With the above and a few points in mind, here is an edited version of your code you may want to review:
Click to see code
integer, parameter :: Float32 = selected_real_kind( p=6 )
integer, parameter :: Float64 = selected_real_kind( p=12 )
integer, parameter :: WP = Float64
! Program data
real(WP), parameter :: ONE = 1.0_wp
integer, parameter :: N = 1000000
real(WP), allocatable :: v(:), r(:)
integer, parameter :: NTRIALS = 12
real(Float64) :: Calc_Times(NTRIALS)
real(Float64) :: Mean_Time
real(WP) :: rsum(NTRIALS)
real(WP) :: stddev
allocate( v(N), r(N) )
call random_number( v )
v = v * 200.0_wp
! Set first element to a reference value for a numerical check
v(1) = ONE
call calc( Calc_Times, rsum )
Mean_Time = ( sum(Calc_Times) - minval(Calc_Times, dim=1) - maxval(Calc_Times, dim=1) ) / (NTRIALS-2)
print *, "BESSEL_J1 Evaluation: Mean compute time for ", N, " evaluations:"
print *, Mean_Time, " seconds."
stddev = norm2( rsum - sum(rsum)/NTRIALS )
print *, "Standard deviation in calculated results: ", stddev
contains
impure elemental subroutine calc( t, sumr )
! Argument list
real(Float64), intent(inout) :: t
real(WP), intent(inout) :: sumr
! Local variables
real(Float64) :: t0
real(Float64) :: t1
call cpu_t( t0)
r = bessel_j1( v )
call cpu_t( t1 )
t = t1 - t0
! Check calculation result
if ( abs(r(1) - 0.44_wp) > 1E-3_wp ) then
print *, "BESSEL_J1( x=1 ): ", r(1), " vs an expected value of approximately ", 0.44_wp
error stop "Unexpected result with x = 1.0: "
end if
sumr = sum( r )
end subroutine
subroutine cpu_t( time )
use, intrinsic :: iso_fortran_env, only : I8 => int64
!.. Argument list
real(Float64), intent(inout) :: time
!.. Local variables
integer(I8) :: tick
integer(I8) :: rate
time = 0.0_Float64
call system_clock (tick, rate)
time = real(tick, kind=kind(time) ) / real(rate, kind=kind(time) )
return
end subroutine
end
C:\temp>gfortran -O3 p.f90 -o p.exe
C:\temp>p.exe
BESSEL_J1 Evaluation: Mean compute time for 1000000 evaluations:
4.9179059994639826E-002 seconds.
Standard deviation in calculated results: 0.0000000000000000
Just a note that nvfortran, gfortran, and ifort produced very similar timings with the simpler test.
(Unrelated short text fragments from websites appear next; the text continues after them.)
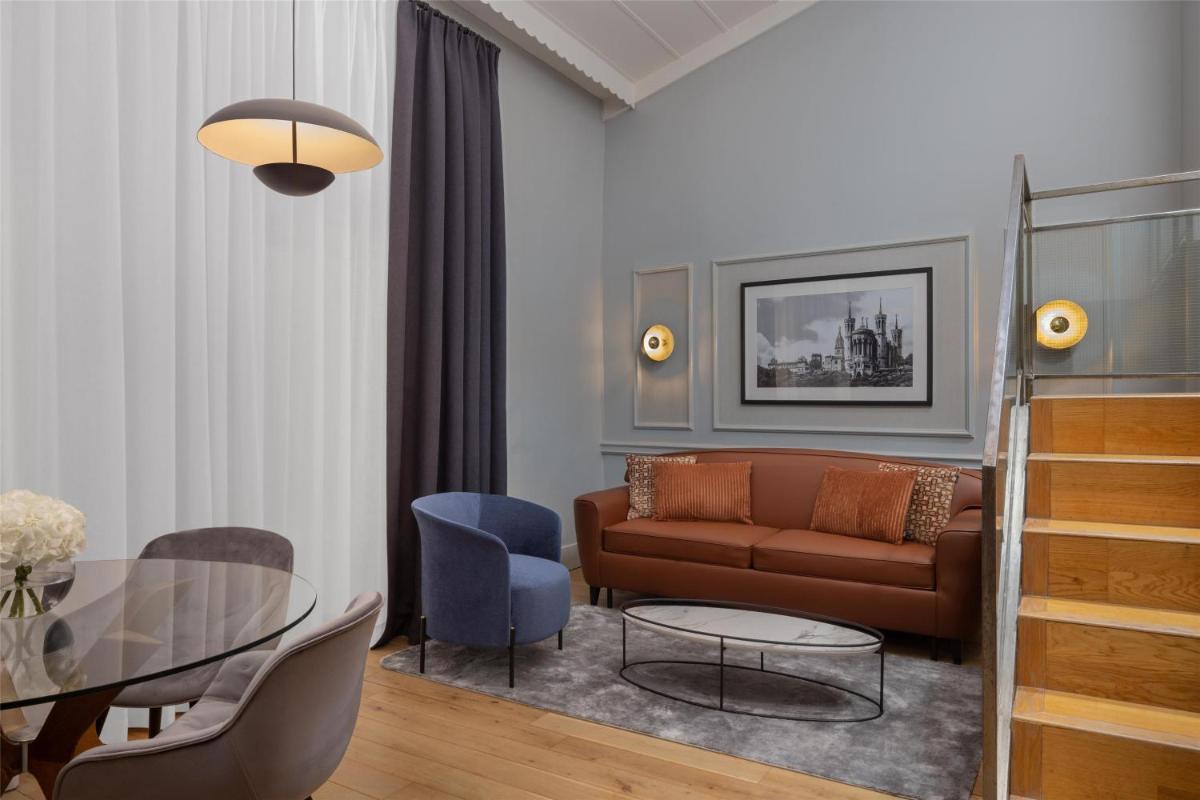 Cour des Loges Lyon, A Radisson Collection Hotel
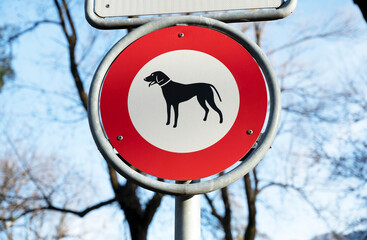 Hundeverbotstafel, Kt. Tessin, Schqwei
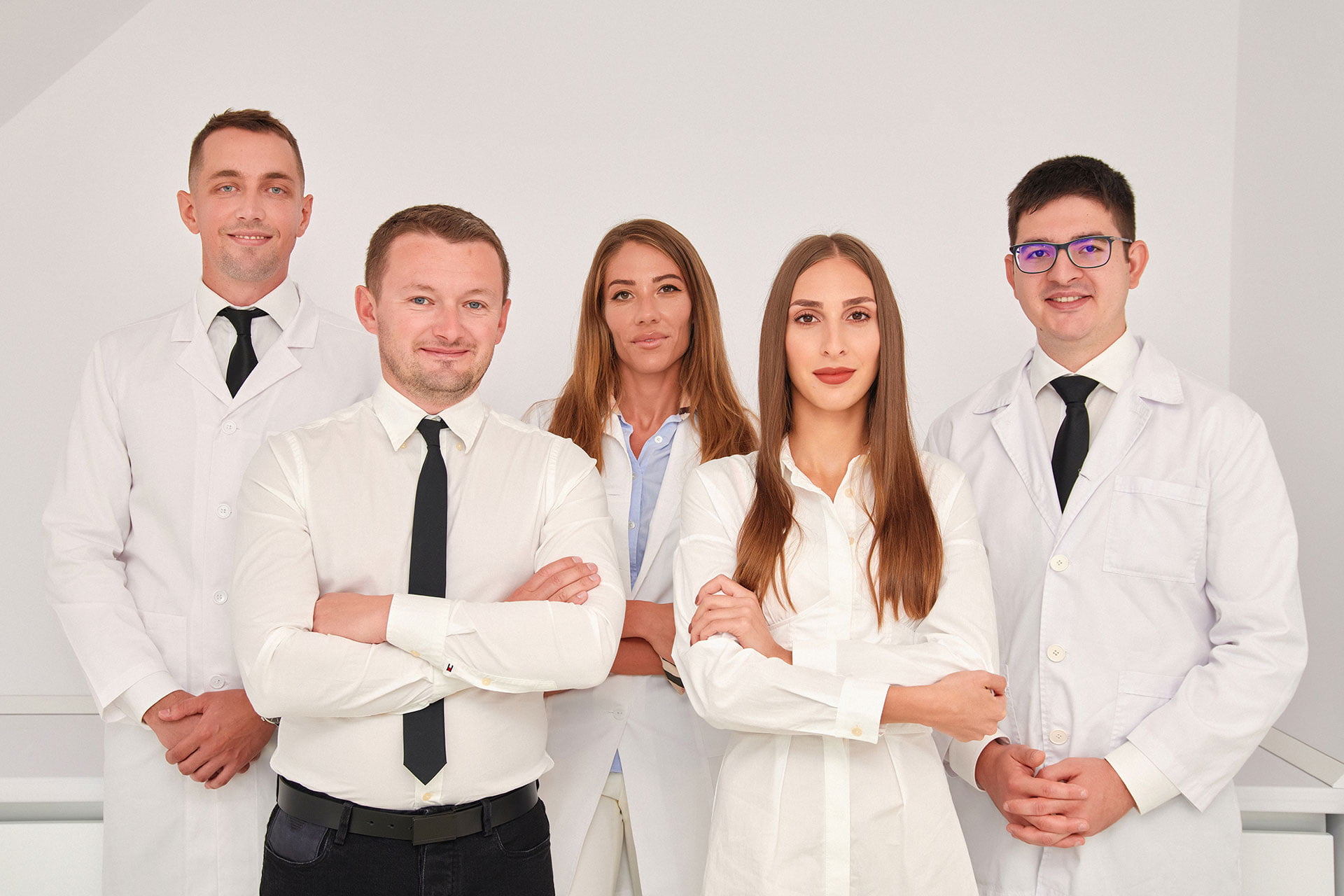 Specializări în medicina dentară și ce înseamnă o echipă multidisciplinară?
That is a little surprising as each vendor is free to implement the intrinsics differently. With some of the intrinsics some compilers concentrate on precision, others on speed or error detection, etc …
The netlib bessel functions support fractional orders, and some like the Sandia Mathematical Program Library routines were about 15 to 20 percent faster than the intrinsics when compiled with high optimization last I timed them; but considerably slower than the intrinsics when compiled with common debug flags; for example ( I used the Sandia procedures for a long time, before the intrinsics were available on the majority of common compilers).
To add to above, from a simple-minded Fortran practitioner perspective, especially to clear away all the fog which comes about due to Julia benchmark tools and the various macro add-ons that would appear to do a lot of stuff “under the hood” which is not at all obvious to an unfamiliar reader of Julia commands, a straightforward computation somewhat similar to the Fortran coding approach shown above can be as follows:
using Bessels
function fn!(v::Array{Float64}, r::Array{Float64})
for i = 1:length(v)
r[i] = Bessels.besselj1(v[i])
end
return nothing
end
v = rand(1000000)*200.0
r = zeros(1000000)
@time x=fn!(v,r)
With above on the same platform where the gfortran-compiled program execution result I had provided previously, Julia yields:
C:\temp>julia b1.jl
0.086703 seconds (13.91 k allocations: 777.971 KiB, 63.65% compilation time)
So you will notice the time of 0.086703 seconds reported by Julia. I don’t use Julia so I’m unsure how to interpret this timing value. It is about 1.7x greater than gfortran for 1,000,000 evaluations of the Bessel function of the 1st kind, order 1.
Does the Julia time include compilation and allocation even though the @time
macro is applied on the function evaluation?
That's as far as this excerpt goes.